Developed in 2014 by AARP, the CARE Act was informed by a study that found that many family caregivers perform critical and complex medical/nursing tasks without adequate instruction. In fact, a 2016 AARP report found that caregivers, on average, are spending nearly 20% of their income on caregiving activities. Among Latinos, studies have shown that while most caregivers maintain a full-time job, in addition to balancing their caregiver role, roughly 40% might take a leave of absence, change jobs, decrease work hours, or stop working entirely to fulfill the caregiver role. Latino caregivers, similar to other adult caregivers, may also experience job pressure or biases for providing care to older parents and family members.

The CARE Act has received bipartisan support in many states, but some states with the highest Latino populations, such as Arizona and Florida, have yet to enact it. According to the Long-Term Services & Supports State Scorecard, Arizona ranks 23rd and Florida ranks 46th in terms of support to unpaid family caregivers.

States that have enacted the CARE Act must overcome several barriers to implementation in our complex health care system, some of which have a distinctive impact on older Latinos. In general, barriers include insufficient time, lack of staff knowledge and confidence, as well as limited education tools for patients and families. In Latino communities, challenges include cultural and language issues, lack of health insurance coverage, low literacy, and immigration status barriers. There is a persistent shortage of bilingual and bicultural nurses in the workforce that will ultimately implement this policy in care transitions. Latino-serving health care providers, who may not be Latino themselves and are not bilingual, need preparation and support on issues related to cultural awareness, avoiding stereotypes, and care planning and coordination for Latino families.
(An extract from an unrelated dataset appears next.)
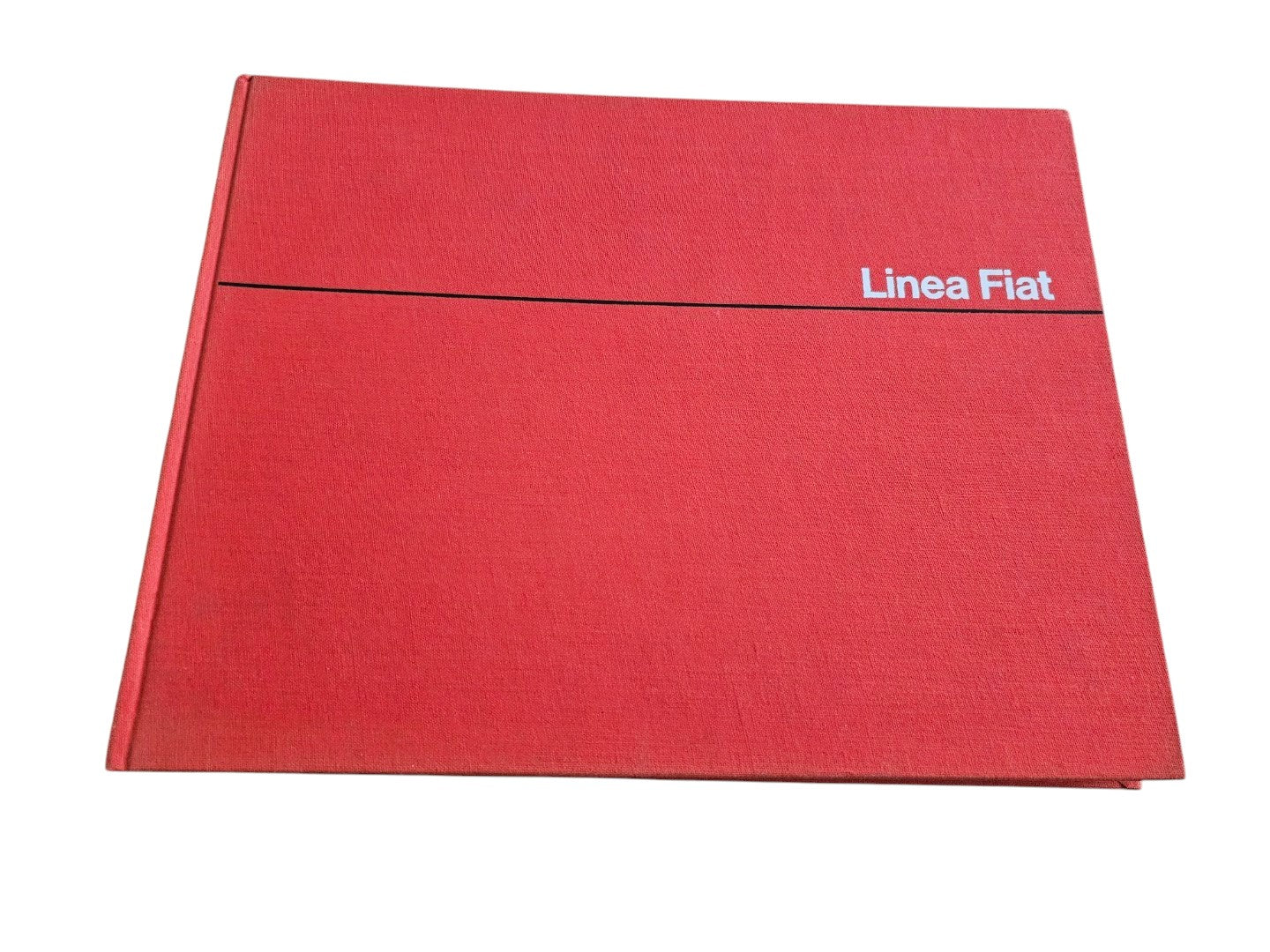 Automoto Bookshop 1966 first edition Linea Fiat hardcover book with a vibrant red linen cover and minimalist design.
Older Latinos and the CARE Act

Strategies to implement the CARE Act should be tailored to the needs and desires of diverse caregiver communities. In an article in the Journal of Gerontological Nursing, Billy Caceres and I recommend the following steps to implement each CARE Act provision in Latino communities:

  1. Recording the name of the family caregiver into the electronic health record when an older adult is admitted to a hospital or rehabilitation facility;

2. Notifying the family caregiver of discharge plans to another facility or back home;

3. Providing instruction of the medical/nursing tasks that the family caregiver will perform at home.

(left) G. Adriana Perez, PhD, CRNP, Assistant Professor of Nursing, with her research partner (right), Vergi Viacava, from the Latino Golden Age Coalition.

Latino health professional organizations, such as the National Association of Hispanic Nurses, the National Hispanic Medical Association, and Latino Medical Student Association, can and should be partners in these efforts. Also important are other organizations that work to address the economic and education needs of Latinos and those in consumer advocacy, such as the National Hispanic Council on Aging, LatinosAgainstAlzheimer’s, UnidosUS, and League of United Latin American Citizens. Partnerships with faith-based organizations may also provide opportunities to raise awareness and to promote advocacy initiatives.

Including Latinos in Policy Research

Further research is necessary to analyze the effects of the CARE Act, and more generally, to design, test and evaluate care transitions throughout the health care continuum among older Latinos and their caregivers. These efforts are critical and may provide a blueprint for providing high quality and cost-effective care for other vulnerable and immigrant populations. However, recruiting Latino individuals for research remains a challenge. Latinos remain underrepresented in Alzheimer’s disease and caregiver research; they currently represent only 1% of clinical trial participants.

Ensuring that policy is evidence-based, and one that includes and reflects the growing, multicultural population in the United States, should be an important public health priority and is essential to eliminating health disparities.